Ci avevano già provato i saggi insediati a fine marzo dal presidente della Repubblica, Giorgio Napolitano, che avevano individuato nella riforma del Titolo V della Costituzione un passaggio ineludibile. E, in effetti, il tema spinoso torna anche nella relazione finale messa a punto dalla commissione istituita dal premier Enrico Letta. «I problemi principali posti dall’attuazione del Titolo V – si legge nel documento – sono stati costituiti dall’incerto riparto delle competenze legislative tra Stato e Regioni, dal mancato raccordo tra funzioni legislative e amministrative e dalla mancanza di coordinamento con il sistema delle autonomie locali».
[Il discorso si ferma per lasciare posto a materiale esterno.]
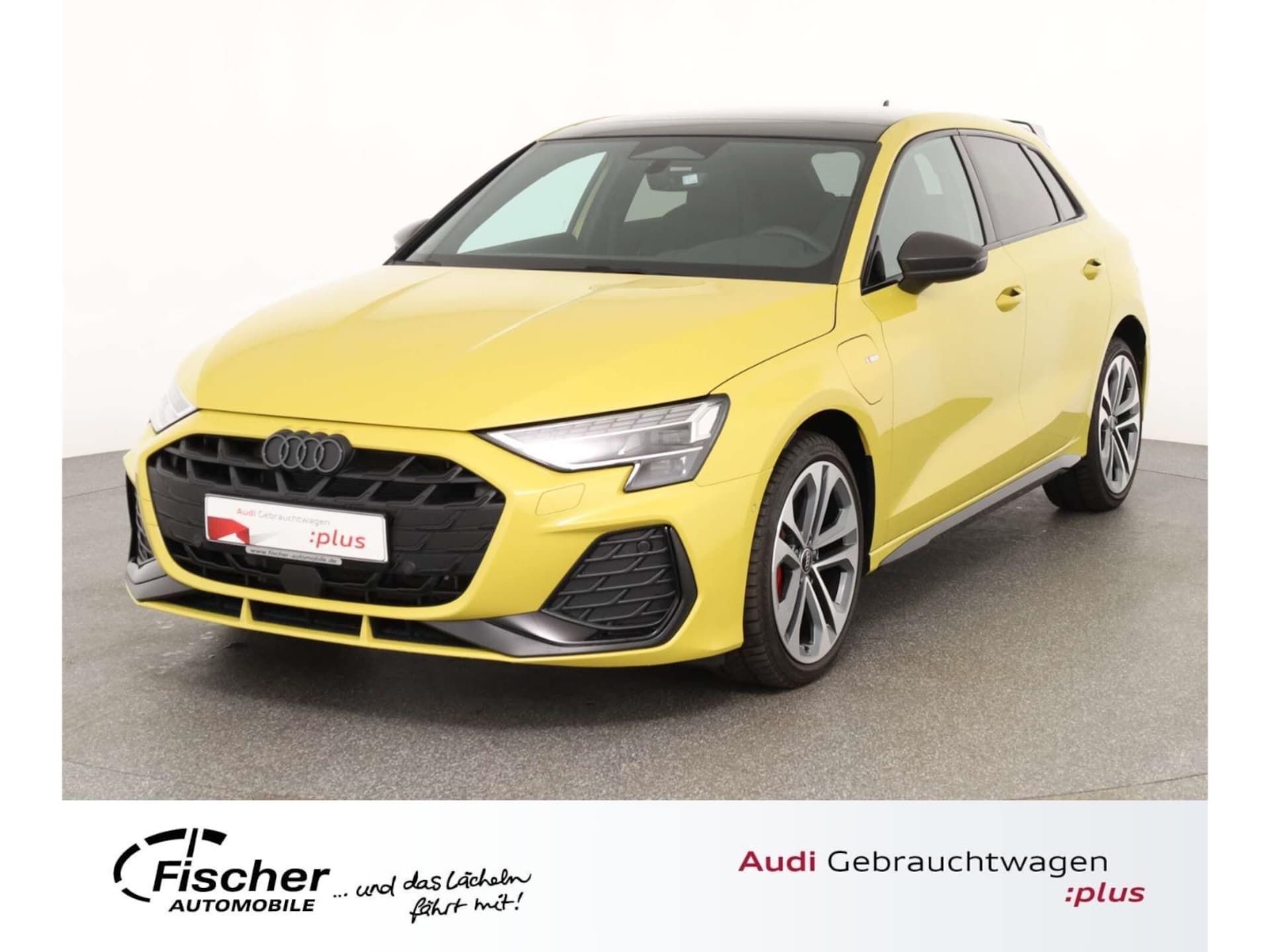 Audi A3 Sportback TFSI e S line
Sovrapposizioni, incertezze e incongruenze che hanno finito per rallentare l’iter di infrastrutture strategiche nazionali. Ecco perché la commissione sottolinea l’esigenza di riportare in capo allo Stato la competenza esclusiva in materie originariamente attribuite alla legislazione concorrente per le quali «emergono, invece, come prioritarie – evidenziano i saggi – una disciplina e una gestione ispirate al principio dell’interesse nazionale»: «grandi reti di trasporto e navigazione», «produzione, trasporto e distribuzione nazionale dell’energia», e «ordinamento della comunicazione». Grandi opere, insomma, che in questi anni di federalismo monco hanno pagato lo scotto di una scarsa chiarezza nella ripartizione di competenze tra Stato e autonomie. Prova ne è il consistente contenzioso che ha intasato la Consulta dopo la riforma del 2001 con migliaia di conflitti esplosi tra centro e periferia sulla programmazione e la realizzazione di opere strategiche.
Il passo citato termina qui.